4. The Host-Side Function

Putting it all together in a single host function callable from Rust via FFI:

extern "C" EXPORT void fgn_kernel(
    const cuComplex* d_sqrt_eigs,
    float* d_output,
    int n,
    int m,
    int offset,
    float hurst,
    float t,
    unsigned long seed)
{
    int traj_size = 2 * n;
    cuComplex* d_data = nullptr;
    cudaMalloc(&d_data, (size_t)m * traj_size * sizeof(cuComplex));
    {
        int totalThreads = m * traj_size;
        int blockSize = 512;
        int gridSize = (totalThreads + blockSize - 1) / blockSize;
        fill_random_with_eigs<<<gridSize, blockSize>>>(d_data, d_sqrt_eigs, traj_size, m, seed);
        cudaDeviceSynchronize();
    }
    {
        cufftHandle plan;
        cufftPlan1d(&plan, traj_size, CUFFT_C2C, m);
        cufftExecC2C(plan, d_data, d_data, CUFFT_FORWARD);
        cudaDeviceSynchronize();
        cufftDestroy(plan);
    }
    {
        int out_size = n - offset;
        int totalThreads = m * out_size;
        int blockSize = 512;
        int gridSize = (totalThreads + blockSize - 1) / blockSize;
        scale_and_copy_to_output<<<gridSize, blockSize>>>(d_data, d_output, n, m, offset, hurst, t);
        cudaDeviceSynchronize();
    }
    cudaFree(d_data);
}

  1. Allocates device memory for d_data.
  2. Uses fill_random_with_eigs to populate data with random complex values and multiply by the eigenvalues.
  3. Executes cuFFT on each realization (m).
  4. Scales and copies the results into d_output.
  5. Frees GPU memory.

Integrating with Rust

Now, for the fun part: calling this C++/CUDA code from Rust. Projects like cudarc offer convenient Rust wrappers for CUDA functionalities, but not all features are always available out of the box. Below is a condensed version of how we can dynamically load the .so or .dll generated by nvcc and call the fgn_kernel function.

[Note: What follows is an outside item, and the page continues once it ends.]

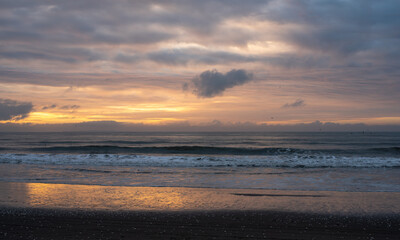 Sunset on the beach with clouds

Note: We compile the .cu file using commands like:

# Linux
nvcc -shared -o libfgn.so fgn.cu -Xcompiler -fPIC

# Windows
nvcc -shared fgn.cu -o fgn.dll -lcufft

Rust-Side Code Snippet

fn sample_cuda(&self) -> Result<Array2<f64>, Box<dyn Error>> {
    use std::ffi::c_void;
    use cudarc::driver::{CudaDevice, DevicePtr, DevicePtrMut, DeviceRepr};
    use libloading::{Library, Symbol};

    #[repr(C)]
    #[derive(Debug, Default, Copy, Clone)]
    pub struct cuComplex {
        pub x: f32,
        pub y: f32,
    }

    unsafe impl DeviceRepr for cuComplex {
        fn as_kernel_param(&self) -> *mut c_void {
            self as *const Self as *mut _
        }
    }

    type FgnKernelFn = unsafe extern "C" fn(
        *const cuComplex,
        *mut f32,
        i32,
        i32,
        i32,
        f32,
        f32,
        u64
    );

    #[cfg(target_os = "windows")]
    let lib = unsafe { Library::new("src/stochastic/cuda/fgn_windows/fgn.dll") }?;

    #[cfg(target_os = "linux")]
    let lib = unsafe { Library::new("src/stochastic/cuda/fgn_linux/libfgn.so") }?;

    let fgn_kernel: Symbol<FgnKernelFn> = unsafe { lib.get(b"fgn_kernel") }?;
    let device = CudaDevice::new(0)?;

    let m = self.m.unwrap_or(1);
    let n = self.n;
    let offset = self.offset;
    let hurst = self.hurst;
    let t = self.t.unwrap_or(1.0);
    let seed = 42u64;

    // Prepare eigenvalues on host
    let host_sqrt_eigs: Vec<cuComplex> = self
        .sqrt_eigenvalues
        .iter()
        .map(|z| cuComplex {
            x: z.re as f32,
            y: z.im as f32,
        })
        .collect();

    // Transfer to device
    let d_sqrt_eigs = device.htod_copy(host_sqrt_eigs)?;
    let mut d_output = device.alloc_zeros::<f32>(m * (n - offset))?;

    unsafe {
        fgn_kernel(
            (*d_sqrt_eigs.device_ptr()) as *const cuComplex,
            (*d_output.device_ptr_mut()) as *mut f32,
            n as i32,
            m as i32,
            offset as i32,
            hurst as f32,
            t as f32,
            seed
        );
    }

    // Copy data back to host
    let host_output: Vec<f32> = device.sync_reclaim(d_output)?;
    let mut fgn = Array2::<f64>::zeros((m, n - offset));

    for i in 0..m {
        for j in 0..(n - offset) {
            fgn[[i, j]] = host_output[i * (n - offset) + j] as f64;
        }
    }

    Ok(fgn)
}
  1. We define our own cuComplex in Rust that matches the CUDA structure, along with an implementation of DeviceRepr.
  2. We load the shared library with libloading.
  3. We create or select a CUDA device using cudarc::driver::CudaDevice.
  4. Memory is allocated and transferred between the host and device.
  5. We call the fgn_kernel function from our .so or .dll.
  6. Once the GPU finishes, we bring the result back to Rust.

Final Thoughts

At first glance, Rust + CUDA might seem daunting, especially if you come from a C++ background where CUDA integration is mature and straightforward. However, the Rust ecosystem is growing rapidly, and projects like Rust-CUDA, cudarc, and others are making GPU programming in Rust more accessible. While there are still some rough edges—like incomplete wrappers for various CUDA libraries—this approach demonstrates that it is entirely possible to write the bulk of your application in Rust while accelerating the most computationally heavy tasks with CUDA kernels.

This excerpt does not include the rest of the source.